Today I am so tired but am starting to understand where alot of my bad feelings are coming from to do with the group I have left. I have been on almost red alert since my friend and colleague died to anything in the group that could make the ones left behind hurt or upset. So every tiny thing I was not happy with I reacted badly to and because some of my feelings were ignored and walked on I felt they were letting her and family and friends down very badly. I think I have been almost panicking that one day I would have to say to the family and friends actually we failed and the group has gone and that whatever the reason I would be the one at fault. I know this is totally irrational but we thought so alike and were both in it from the start that I felt for a long while that it was only me that could make it what she would have wanted it to be. However my mum reminds me of a quote I saw around the time I was having a panic and it was something along the lines of a single snowflake does not an avalanche make. This really does apply completely in this situation and I am resolving now to keep away and try and enjoy other areas of my life such as my stitching and blogging instead.

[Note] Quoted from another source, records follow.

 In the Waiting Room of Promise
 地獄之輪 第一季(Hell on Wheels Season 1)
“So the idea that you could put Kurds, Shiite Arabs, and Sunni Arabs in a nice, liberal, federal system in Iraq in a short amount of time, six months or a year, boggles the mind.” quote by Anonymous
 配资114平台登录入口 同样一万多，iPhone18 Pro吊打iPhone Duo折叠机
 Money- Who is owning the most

I very nearly allowed this to destroy me as for 5 months straight its been one thing after another that has festered or upset and worried me. If I am honest I think its also got in the way of my grieving process and was also probably part and parcel of that same process. I can not make any excuses for the times I ranted and raved and was rude to my colleagues as grief is not an excuse but for these 5 months I have been so un-me and did on many occasions try and reach out for help but as I didn't know what help I needed it never came. Its almost as if at times I was being stripped of every little part of myself and my personality as I was dragged deeper and deeper into emotional turmoil.
Actually I think the biggest help I could have got was just to talk about it and not keep feeling others were more of a priority than me. Many a time one of my colleagues would not be around to listen when things got tough but they all seemed to find time for other girls when they had more than a feeling of friendship to them. I know this is the mans way and it sums up why men and women can't be friends and that in my view is because men will only go the extra mile for a woman they want something from. I am sure all men would deny this but I have observed it in its baldest forms and know that it is at least partially true if not completely true.

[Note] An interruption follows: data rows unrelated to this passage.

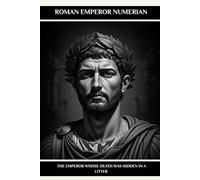 Roman Emperor Numerian: The Emperor Whose Death Was Hidden in a Litter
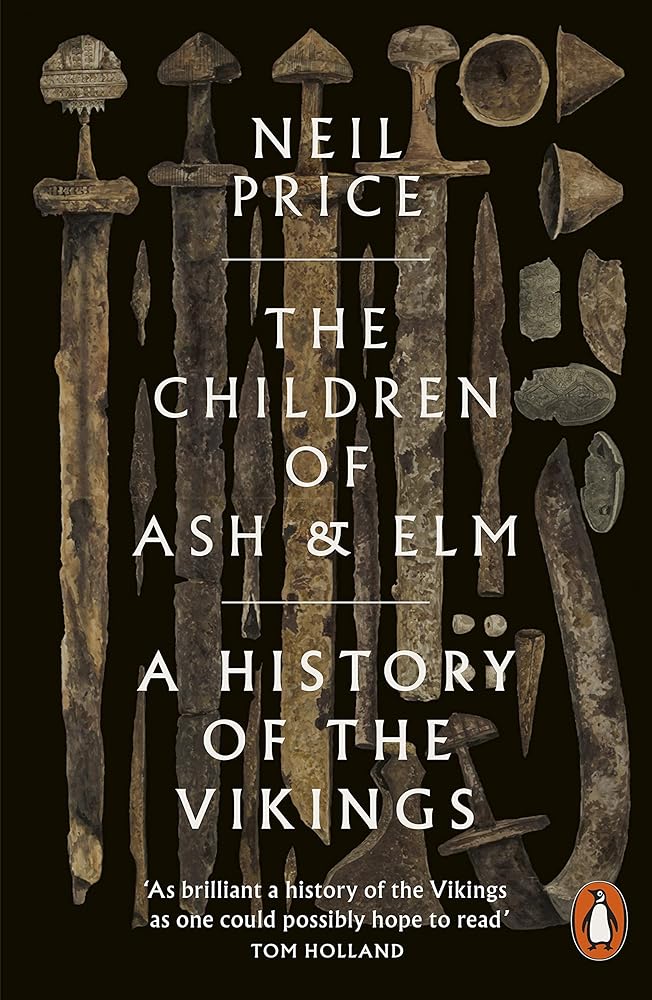 The Children of Ash and Elm A History of the Vikings cover image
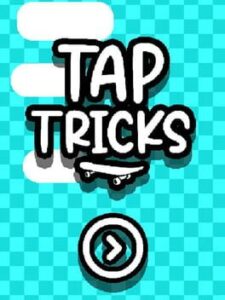 Tap Tricks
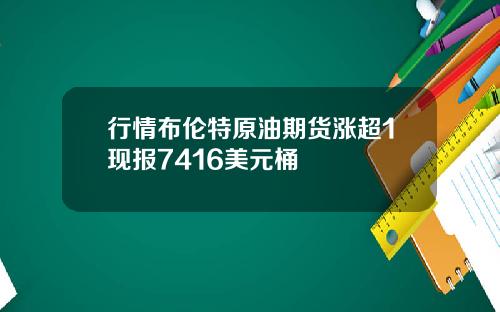 行情布伦特原油期货涨超1现报7416美元桶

However these observations are allowing me to see that it isn't a flaw in my character that has made me unsupported and left out in the cold it is just human nature at its worst. I hope because I am starting to realise some of this that it at least won't make me bitter and angry forever and one day I hope to look back on all this and maybe not laugh but at least not feel any residual hurt.
As for today itself well its not been great as my blood pressure dropped alarmingly at dialysis and it was one of those times where your eyesight temporarily goes and I was quite scared and even shouted out I was dying. I knew underneath I probably wasn't but you almost feel your body slipping away somewhere and its a really horrible sensation.
So I am now taking it easy this afternoon and when I have come too a bit I will go and stitch and just generally use the evening to chill out and may even try and get an early night.